Problem description: Find every line in the records below that holds the word "Printed", and copy it out.

....................

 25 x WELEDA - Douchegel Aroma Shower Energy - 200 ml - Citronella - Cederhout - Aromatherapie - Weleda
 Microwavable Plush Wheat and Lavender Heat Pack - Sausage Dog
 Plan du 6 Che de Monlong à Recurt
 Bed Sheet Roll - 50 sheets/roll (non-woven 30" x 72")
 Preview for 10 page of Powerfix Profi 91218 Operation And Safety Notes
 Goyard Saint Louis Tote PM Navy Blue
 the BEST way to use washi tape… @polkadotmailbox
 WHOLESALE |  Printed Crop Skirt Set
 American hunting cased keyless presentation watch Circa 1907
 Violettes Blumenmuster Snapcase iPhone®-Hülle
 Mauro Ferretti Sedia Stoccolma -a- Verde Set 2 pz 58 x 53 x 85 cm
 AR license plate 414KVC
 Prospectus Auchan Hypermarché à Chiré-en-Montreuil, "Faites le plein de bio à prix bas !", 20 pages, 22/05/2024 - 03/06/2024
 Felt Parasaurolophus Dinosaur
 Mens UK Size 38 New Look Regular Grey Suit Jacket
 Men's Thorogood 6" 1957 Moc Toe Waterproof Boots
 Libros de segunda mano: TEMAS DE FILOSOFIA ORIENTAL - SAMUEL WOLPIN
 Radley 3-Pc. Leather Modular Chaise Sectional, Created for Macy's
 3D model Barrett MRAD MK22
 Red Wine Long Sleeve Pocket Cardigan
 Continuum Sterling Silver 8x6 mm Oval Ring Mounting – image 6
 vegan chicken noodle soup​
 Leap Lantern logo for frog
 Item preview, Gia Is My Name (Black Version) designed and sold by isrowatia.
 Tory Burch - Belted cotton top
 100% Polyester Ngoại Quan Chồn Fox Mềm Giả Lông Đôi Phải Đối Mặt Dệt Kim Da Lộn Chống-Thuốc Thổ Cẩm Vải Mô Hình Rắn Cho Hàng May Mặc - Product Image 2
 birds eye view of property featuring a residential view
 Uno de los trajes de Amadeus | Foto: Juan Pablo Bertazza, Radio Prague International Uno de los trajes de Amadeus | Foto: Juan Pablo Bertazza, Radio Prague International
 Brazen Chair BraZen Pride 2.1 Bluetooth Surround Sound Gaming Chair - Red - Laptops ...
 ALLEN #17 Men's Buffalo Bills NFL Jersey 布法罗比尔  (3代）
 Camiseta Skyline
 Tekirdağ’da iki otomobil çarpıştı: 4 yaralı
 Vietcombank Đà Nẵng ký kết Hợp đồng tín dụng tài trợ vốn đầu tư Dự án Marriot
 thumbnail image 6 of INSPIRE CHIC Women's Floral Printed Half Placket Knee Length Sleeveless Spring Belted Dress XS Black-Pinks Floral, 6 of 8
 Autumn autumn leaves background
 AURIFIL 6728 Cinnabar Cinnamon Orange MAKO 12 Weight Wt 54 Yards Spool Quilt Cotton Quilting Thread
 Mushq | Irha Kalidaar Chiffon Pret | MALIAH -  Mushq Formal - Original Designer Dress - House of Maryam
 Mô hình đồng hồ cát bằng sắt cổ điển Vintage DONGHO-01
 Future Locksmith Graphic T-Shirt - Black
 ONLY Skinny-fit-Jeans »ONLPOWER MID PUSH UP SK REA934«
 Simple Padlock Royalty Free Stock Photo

....................

Answer to the exercise:
 WHOLESALE |  Printed Crop Skirt Set
 thumbnail image 6 of INSPIRE CHIC Women's Floral Printed Half Placket Knee Length Sleeveless Spring Belted Dress XS Black-Pinks Floral, 6 of 8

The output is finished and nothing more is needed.